* _What the exercise asks_: Begin at the top of the records below and return each line exactly through the line with "保卫萝卜挑战主题第[Five]、6金萝卜过关攻略指引". Skip pictures.

(Pictures with short captions)

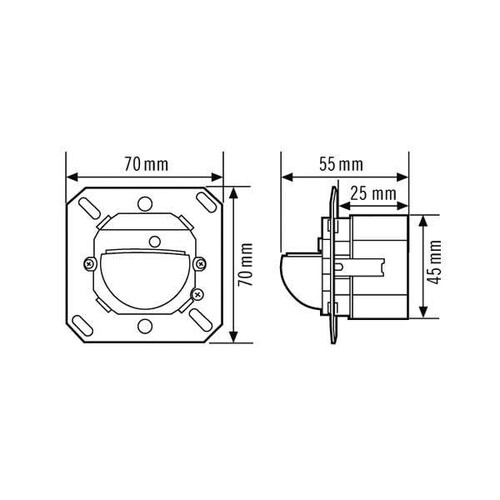 EP10426452 ESYLUX PD-C180i KNX ECO Wandmontage-Präsenzmelder 180° KNX-Bus Produktbild Additional View 1 L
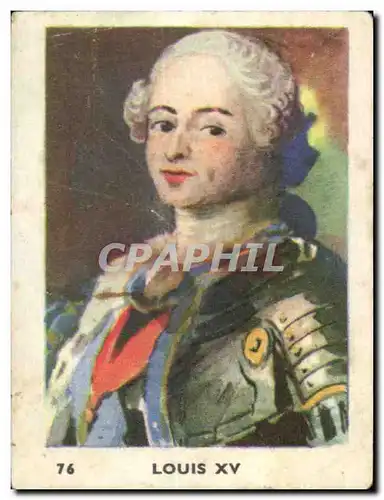 Image Louis XV roi de france Biscotte Pelletier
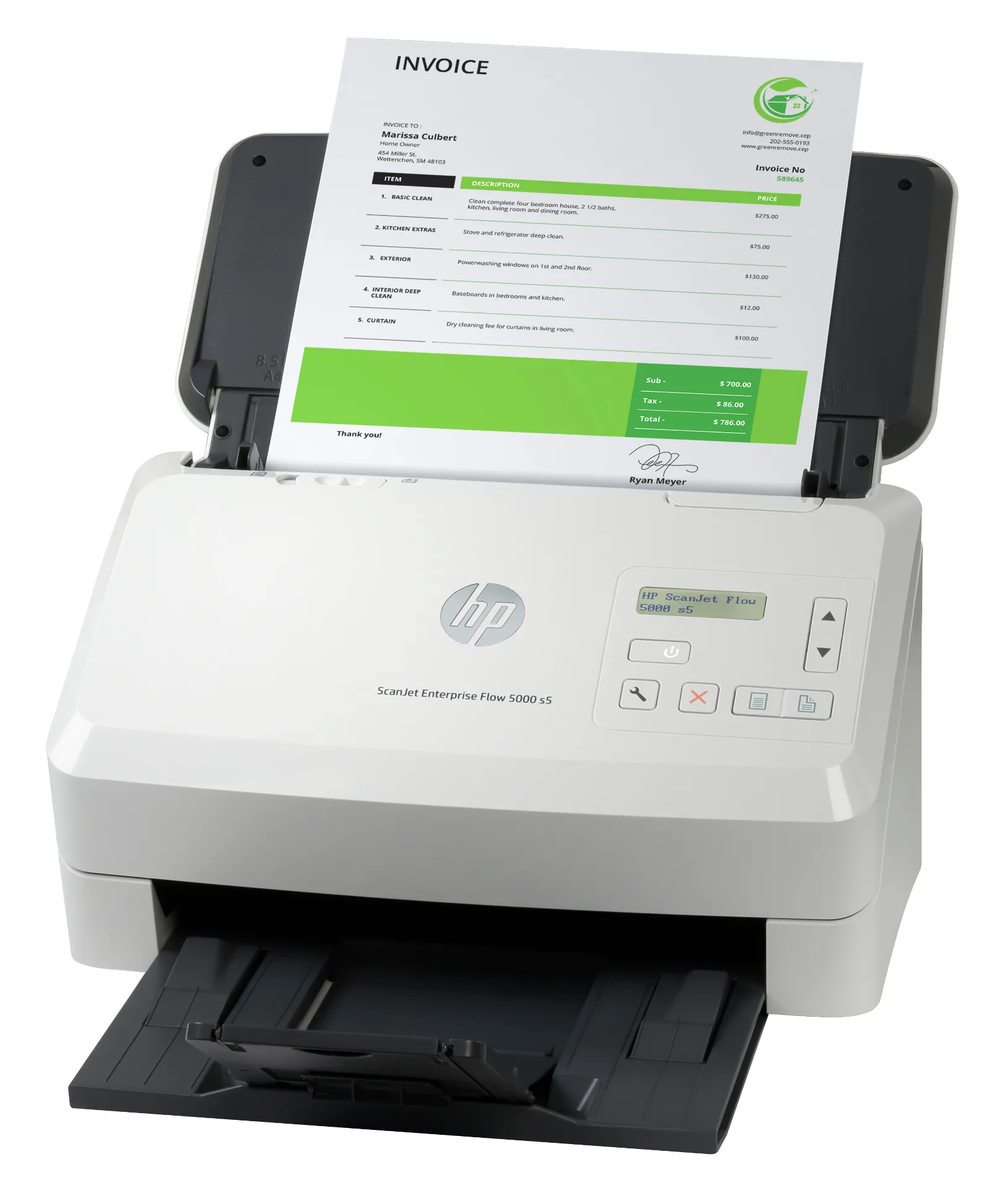 HP ScanJet Enterprise Flow 5000 s5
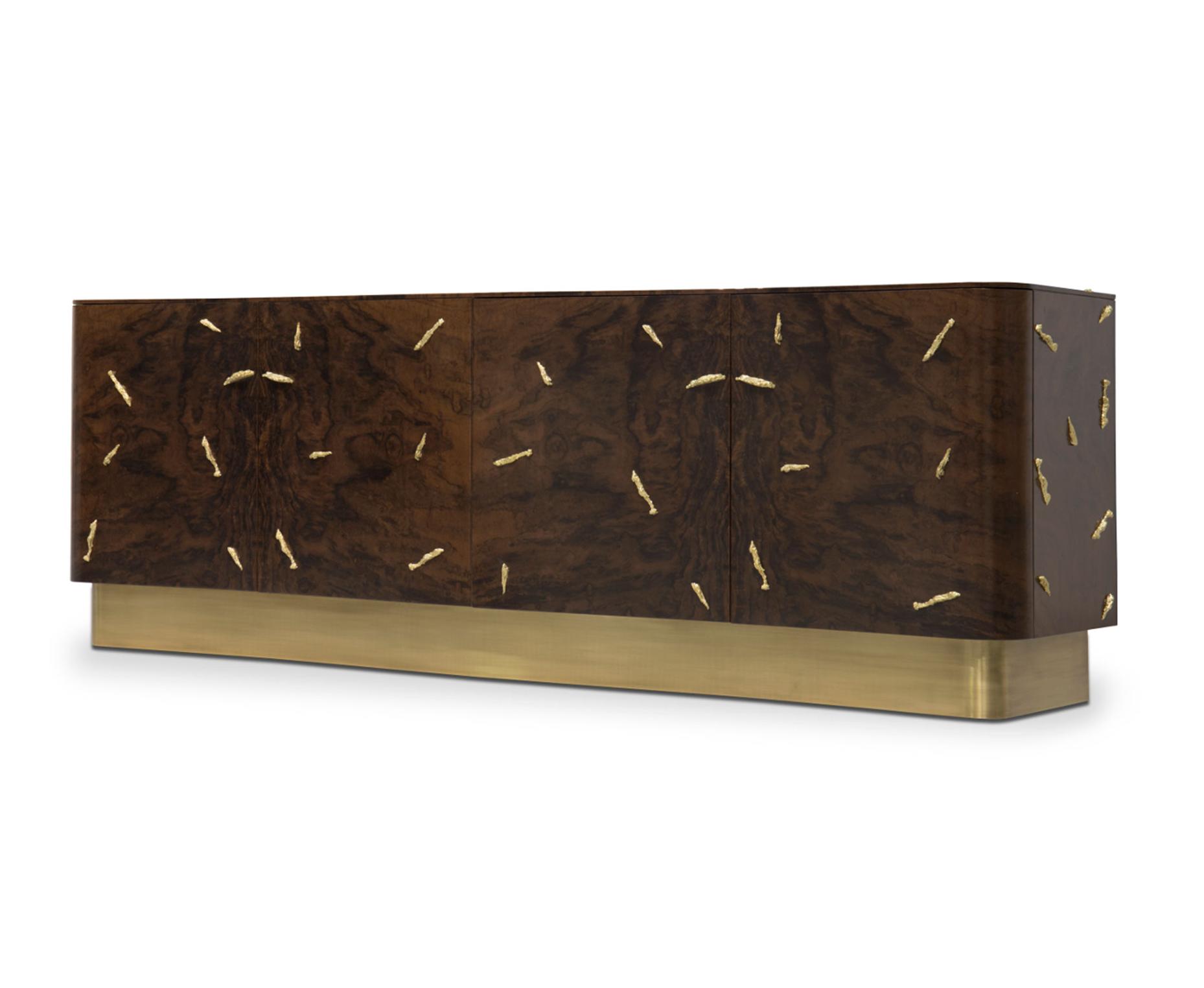 Designer Wood Sideboard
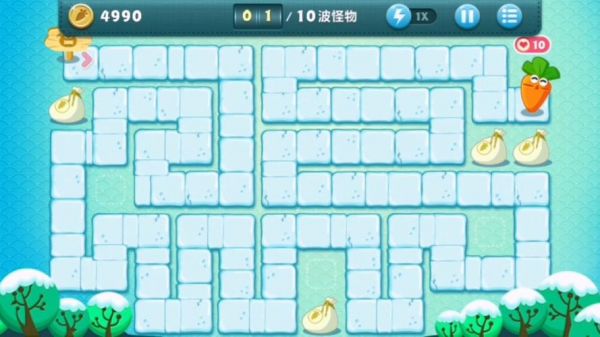 保卫萝卜挑战主题第[Five]、6金萝卜过关攻略指引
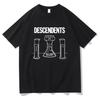 Graphic Clothing Pop Surfpunk Band Descendents T-shirt for Fans High Quality Summer Comfortable Tee-shirt Summer Streetwear Male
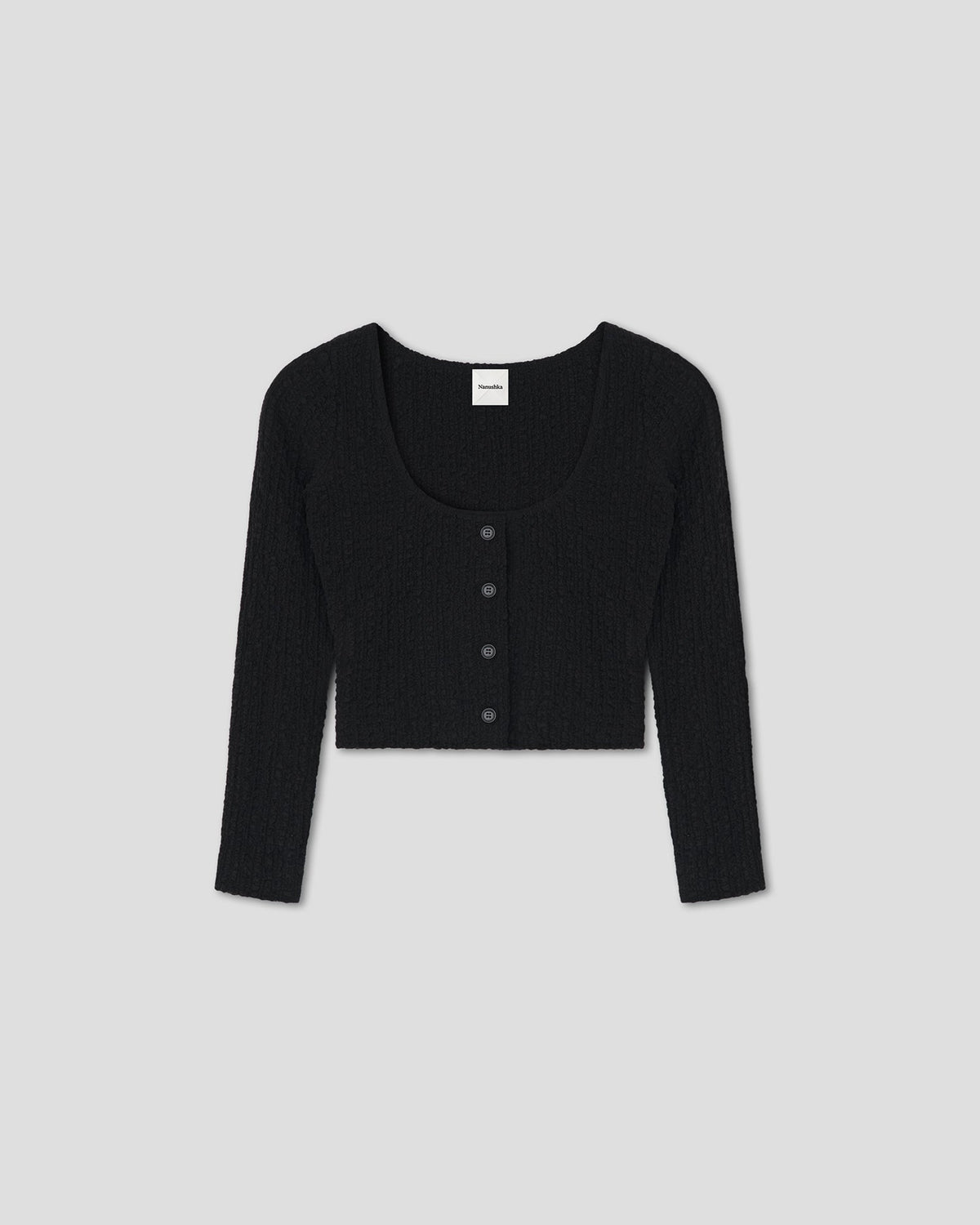 Jylan Cropped top - Black | Nanushka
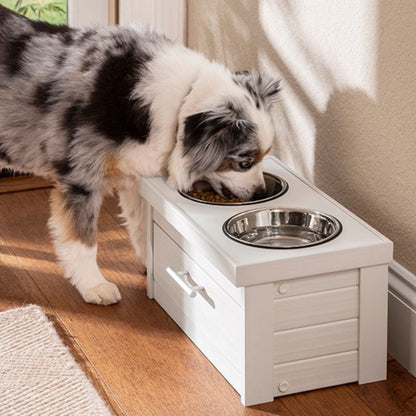 Piedmont Pet Diner Antique White S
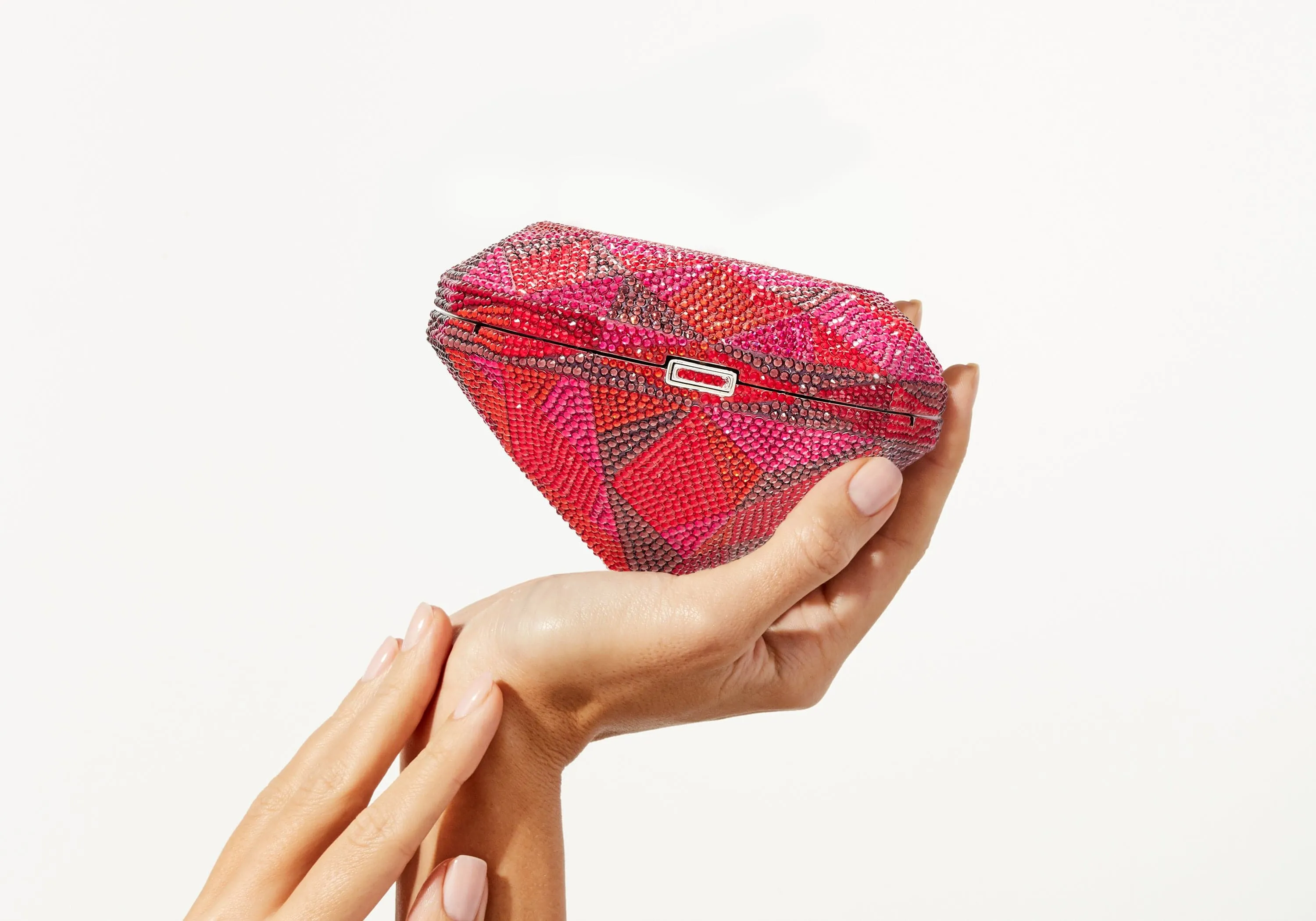 Designer Diamond Ruby Handbag sold by Judith Leiber product image thumbnail 2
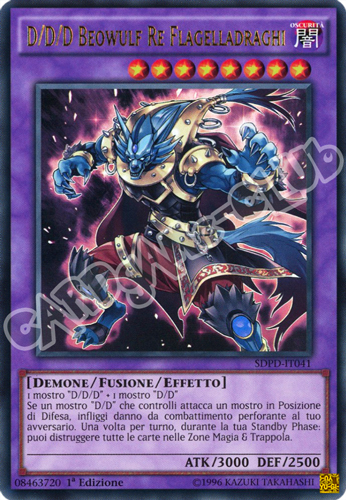 Dominazione Pendulum SDPD-IT041 D/D/D Beowulf Re Flagelladraghi ultra rara 1a edizione (IT) -NEAR MINT-
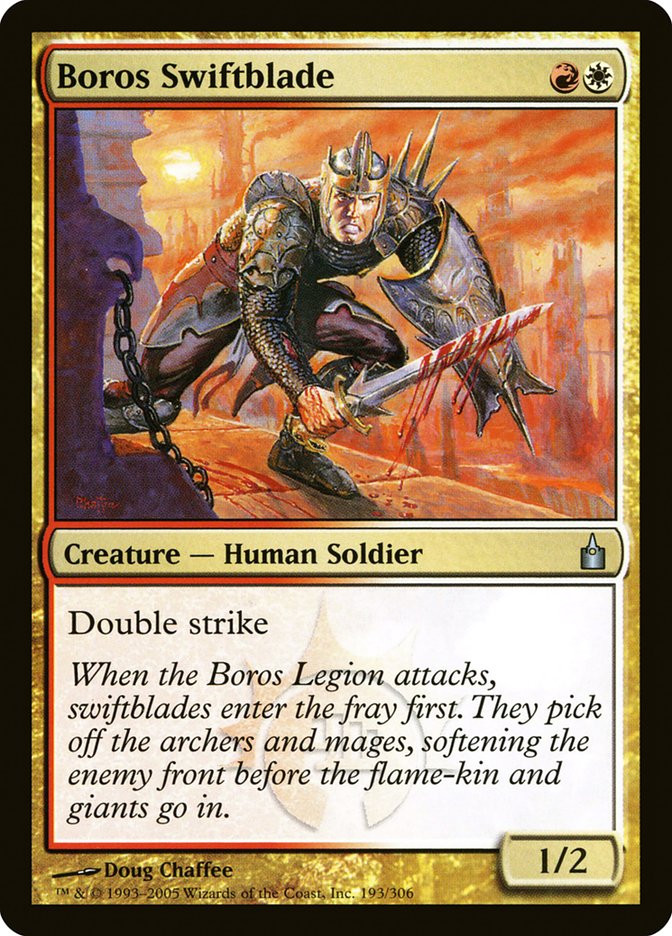 Boros Swiftblade [Ravnica: City of Guilds] | Dragon's Lair Comics and Fantasy Houston TX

* _Task output_:
 EP10426452 ESYLUX PD-C180i KNX ECO Wandmontage-Präsenzmelder 180° KNX-Bus Produktbild Additional View 1 L
 Image Louis XV roi de france Biscotte Pelletier
 HP ScanJet Enterprise Flow 5000 s5
 Designer Wood Sideboard
 保卫萝卜挑战主题第[Five]、6金萝卜过关攻略指引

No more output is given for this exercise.